WHAT YOU SHOULD DO –
Copy out the data exactly, leaving the pictures behind.

COLLECTED DATA –
____

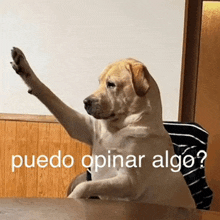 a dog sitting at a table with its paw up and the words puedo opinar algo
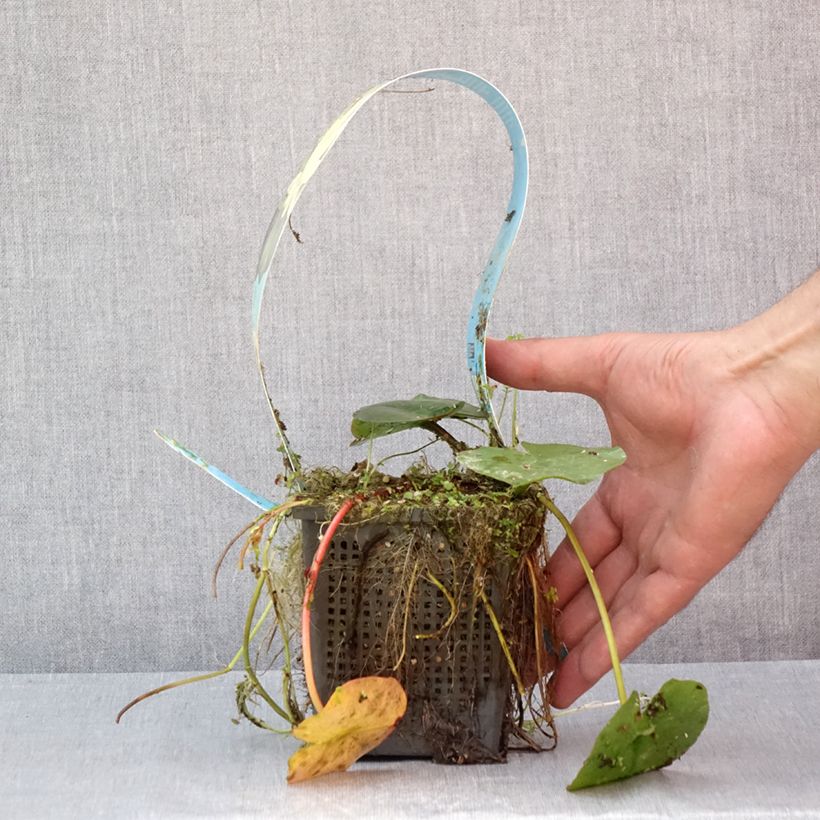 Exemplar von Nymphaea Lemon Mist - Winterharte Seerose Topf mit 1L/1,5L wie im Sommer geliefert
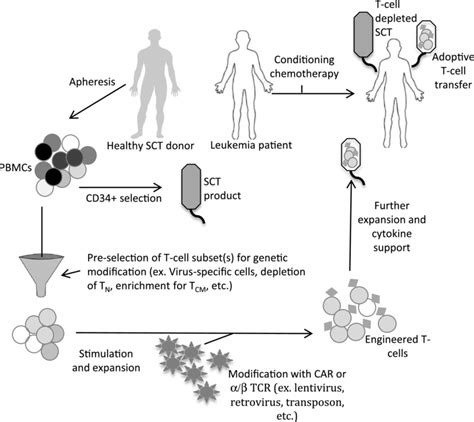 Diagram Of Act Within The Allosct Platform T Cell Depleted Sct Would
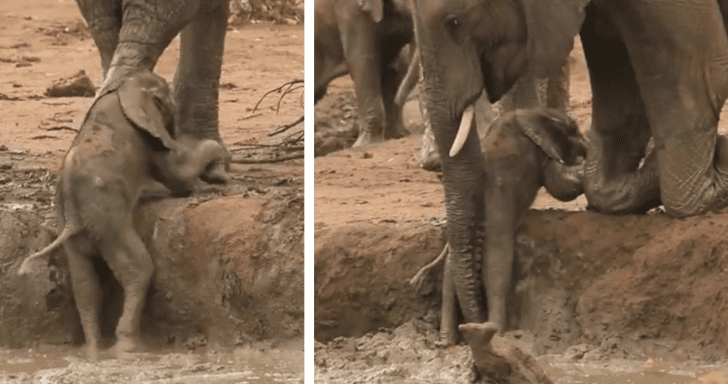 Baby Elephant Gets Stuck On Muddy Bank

____

OUTPUT FOR THIS EXERCISE –
 a dog sitting at a table with its paw up and the words puedo opinar algo
 Exemplar von Nymphaea Lemon Mist - Winterharte Seerose Topf mit 1L/1,5L wie im Sommer geliefert
 Diagram Of Act Within The Allosct Platform T Cell Depleted Sct Would
 Baby Elephant Gets Stuck On Muddy Bank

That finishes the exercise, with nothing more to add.